Investigations reveal abnormal brain MRI in approximately 35% of cases, characterized by non specific cortical and subcortical T2 FLAIR signal abnormalities. CSF shows moderate lymphocytic pleocytosis (in 80% of cases) and occasionally increased protein synthesis. EEG is abnormal in virtually all patients, and usually shows focal or diffuse slow activity in the delta and theta range along with epileptiform discharges. A characteristic EEG pattern called "extreme delta brush" occurs in 30% adults and in few children. The diagnosis is established by demonstrating NMDAR antibodies in CSF or serum [1].
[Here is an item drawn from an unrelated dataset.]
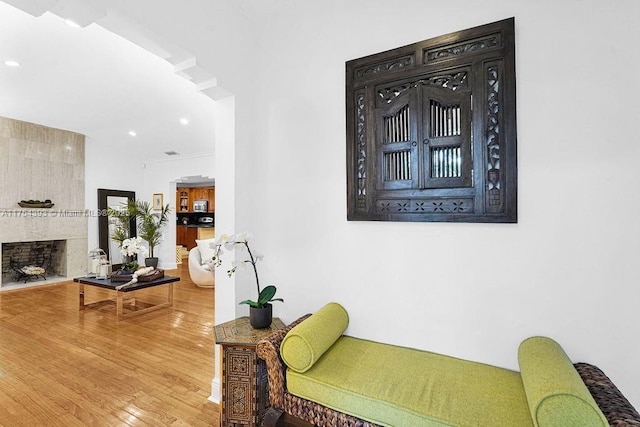 interior space featuring recessed lighting, a fireplace, and wood finished floors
Although anti-NMDAR encephalitis has a mortality rate of 7%, 80% of cases have substantial or full recovery. Recovery is usually slow and may take upto 2 years. The last symptoms to improve are social interactions, language and executive functions. Relapses occur in 24% of cases [5].

The differential diagnosis include viral encephalitis, neuroleptic malignant syndrome, acute psychosis and drug abuse.

Treatment strategies include intravenous immunoglobulins, corticosteroids, or plasmapheresis. However, because these treatments fail in 50% cases, other modalities like rituximab, cyclophosphamide have been found helpful.

Conclusion

Anti-NMDAR autoimmune encephalitis is one of the most common causes of autoimmune encephalitis. With early detection and immunotherapy, 80% of patients show full recovery.